As seen on Table 1, revenue targets have been missed for the first quarter by 14 percent, of which domestic revenue fell short of the target by 12 percent. Company taxes, a component of the domestic tax revenue, slipped off the target by 27 percent for the quarter, as other direct taxes missed the target by seven percent. On indirect taxes, taxes on domestic goods and services fell short by two percent, as its components of Communications Service Tax and Value Added Tax (VAT), generated outturns of six and two percent respectively in excess of the targets for the quarter. On the external economy, taxes on international trade (specifically import duties) also missed the projection by 23 percent for the quarter. Non-tax revenue and grants were the biggest culprits as the targets were missed by 21 and 53 percent, respectively.
These results although representing a rather short term performance appear to be consistent with the challenges that many saw with the strategy of government - decline in revenue, which could jettison the actual implementation of the budget without exuding pressures on the economy and the government's positive intentions over time. This is cause for worry and should be monitored appropriately for alternative strategies to be developed.
Expenditure performance
Expenditure targets for the quarter have also been missed by about 14 percent. The actual outturn for the quarter is GHS10,662,790,250 compared to a projection of GHS12,493,192,656. This ordinarily should be a cause for celebration as expenditure appears to be under control. However with the results for three more quarters in the year yet to go, and most government programmes yet to be rolled out, we simply cannot rejoice yet. Opening up the expenditure basket shows an improvement in major lines such as; compensation 6 percent, goods and services 82 percent, grants to other government units 37 percent, and capital expenditure 48 percent.
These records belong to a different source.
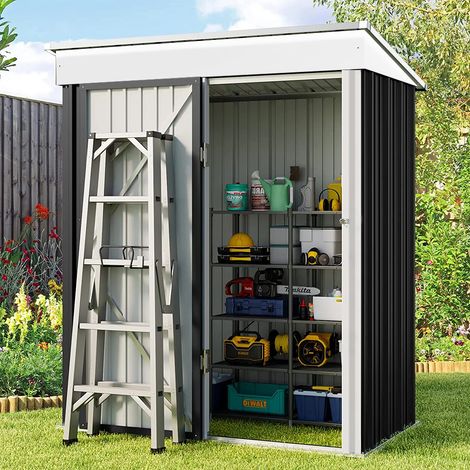 Charcoal Black 3x5ft Storage Shed with Shelves (1/5)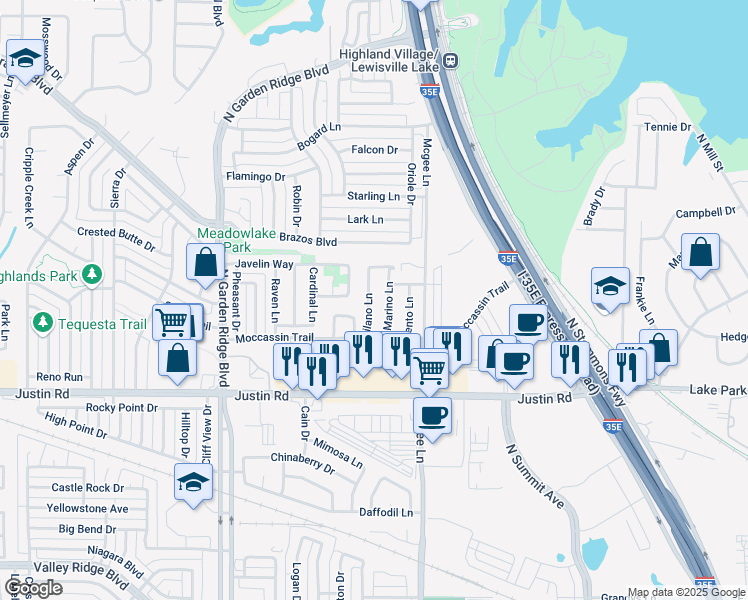 map of restaurants, bars, coffee shops, grocery stores, and more near 2028 San Marino Lane in Lewisville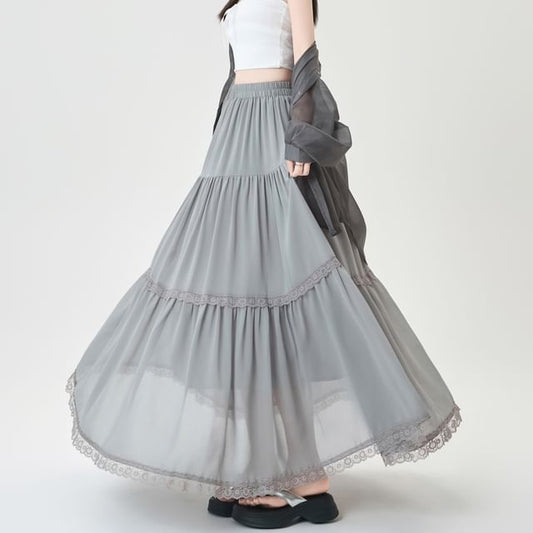 Waist Midi Skirt Plain Lace A-Line Trim Elastic Tiered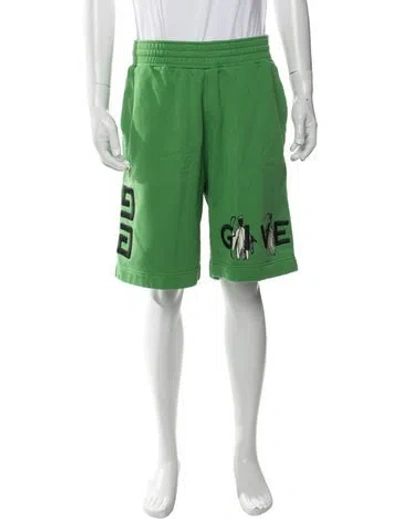 Pre-owned Givenchy Graphic Print Jogger Shorts In Green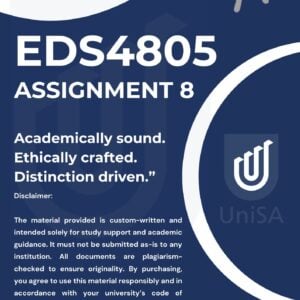 EDS4805 ASSIGNMENT 8 2025 ANSWERS {DUE DATE 10 OCTOBER 2025}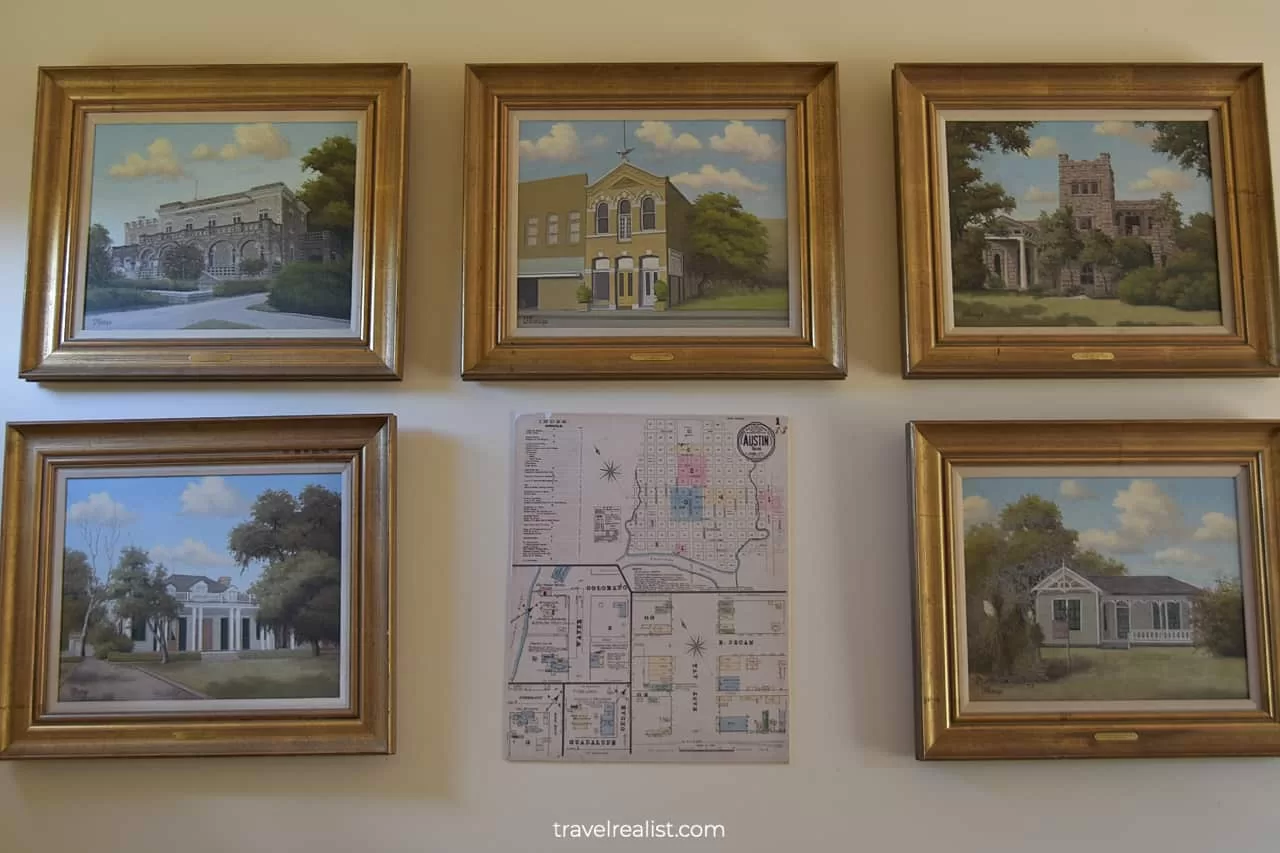 Paintings of Austin house museums in Pioneer Farms in Austin, TX, US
Some expenditure lines went out of control for the first quarter unlike the above lines mentioned. The most notable one being the expenditure on interest payments which slipped by 15 percent driven by domestic interest payments which missed its GHS 2,592,288,411 target by an extra GHS 576,618,326 for the quarter. It may be early days yet, but a rethink of some of the strategies will be necessary for the government going forward.
The developments in the financing of the budget are also notable within the first quarter, as the government appears to be pursuing a strategy of shifting its financing burden away from the domestic banks. A non-bank holding of government financing for the quarter outstretched its target by 115 percent. The central bank's indirect financing (government's deposit/asset drawdowns) of government was GHS 838,474,159, even though no projections were made for this in the first quarter, which is also a worrying, but not out of place phenomenon.
Summary
The performance on revenue particularly domestic tax revenue for the first quarter raises concerns within the short term and is consistent the fears on many observers of the economy. Without a significant recovery of real sector productivity, to drive the tax revenue over the next three-quarters beyond the government's projections, efficiency and effectiveness of the 2017 plan could be undermined, with debilitating effects on other macroeconomic aggregates.
The currency has lost 5.86 percent of its value against the US dollar for the quarter, despite macro-prudential strategies implemented to manage it. The non-responsiveness of credit costs over the quarter despite indications of a decline in prices with a corresponding monetary policy response is indicative of structural risks within the economy which will be resolved not only by macro-prudential policies. There is more to be done for the economy to get back to work, and create the sustainable jobs, through the budget and economic management plan without further pressures being exerted on the various economic players.